Nothing really matters anyway. Is this true, or not true? As I get older, I realize that I am getting less smarter — or anyway, this is a strange thing that is happening. I can’t tell what is true or not true anymore. But my girlfriend is young and confident, and maybe she’s right.

Her philosophy, at least, that nothing really matters, enables her to do things. She can handle things with a light gracefulness that I could only dream of. “Why worry,” she says, in her beautiful voice, with her beautiful eyes — and I don’t know why I worry, but I still do. Her philosophy allows her to handle things. Meanwhile, I go to the supermarket and have panic attacks over all the choices. In supermarkets, I become like an Eastern European immigrant who is just seeing America for the first time.

So many choices!” I exclaim.

The nuts!” I say. “Look at how many different kinds of nuts that they have!”

And then I panic and can’t choose.

My girlfriend, meanwhile, handles all of this with a kind of quiet grace. She just selects a brand of cashews from the shelf and buys them. So easy! Why did I never think of that? She can do everything, she can handle everything; she never gets stressed. But I do.

…It’s weird because my new girlfriend also has a copy of The Unbearable Lightness of Being in her apartment, which I started re-reading, which is maybe how I started having this whole discussion with her about things having meaning, I can’t remember. I can’t really remember conversations anymore. This is another thing that is happening.
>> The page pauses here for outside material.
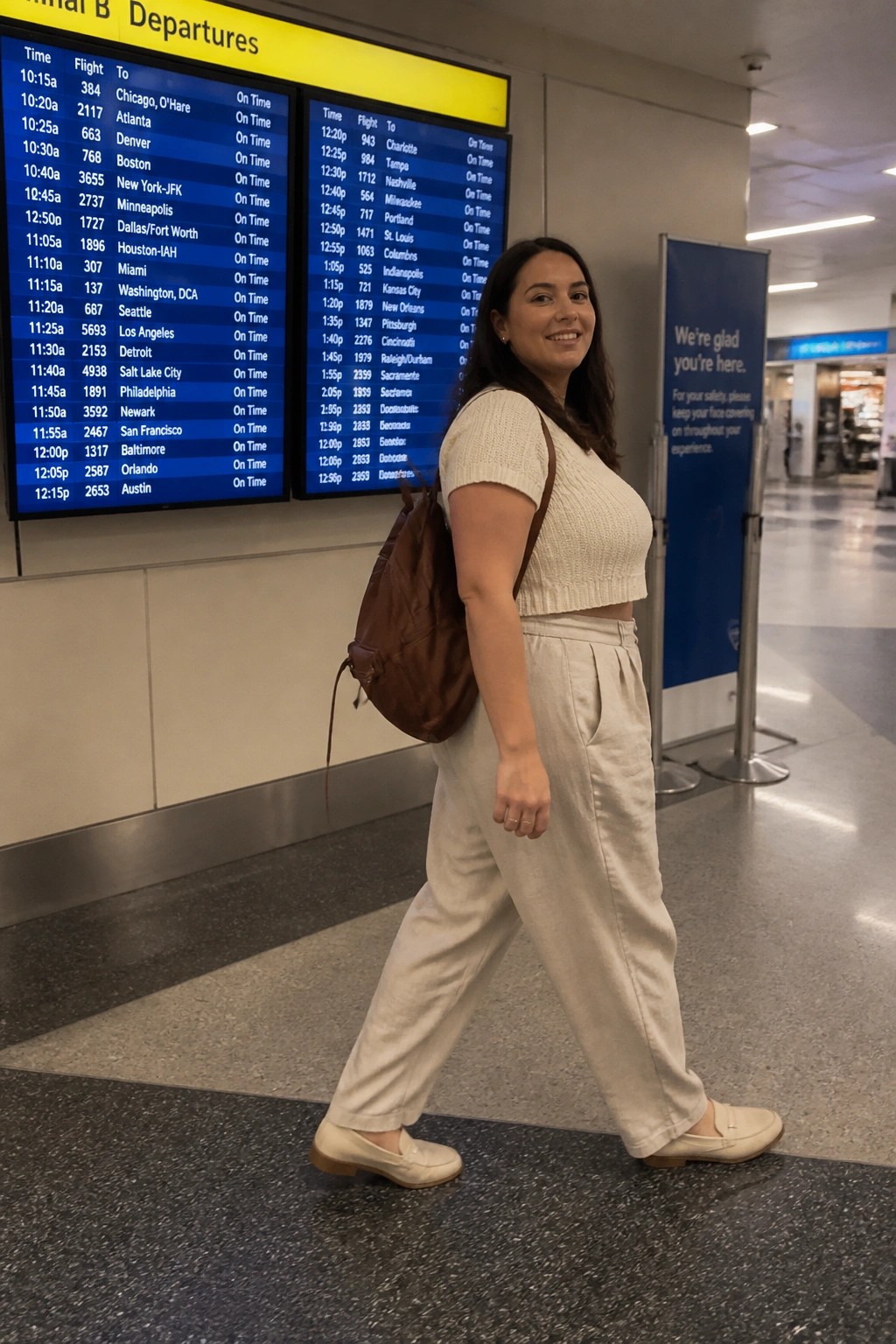 Plus size woman wearing a cream short sleeve knit crop top, beige wide leg trousers, white loafers, and brown leather backpack in an airport terminal next to departure boards.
In The Unbearable Lightness of Being, the author, Milan Kundera, talks about the idea of lightness and weight.

He talks about the idea of eternal return, which is an idea that the philosopher Nietzsche made up. The idea is that things either happen over and over again, or they don’t. But the point of the idea is that things must really happen over and over again, in every detail. Like, if you go out to buy a quart of milk this morning from the 7-11, that is either a thing that happens over and over again, throughout time, recurring — or it doesn’t ever happen again at all.

Like my girlfriend’s deep thoughts, it seems like a stunningly weird and dumb idea until it doesn’t.

If things only happen once,” Milan Kundera writes, “then they may as well have never happened at all.” Think about that for a second.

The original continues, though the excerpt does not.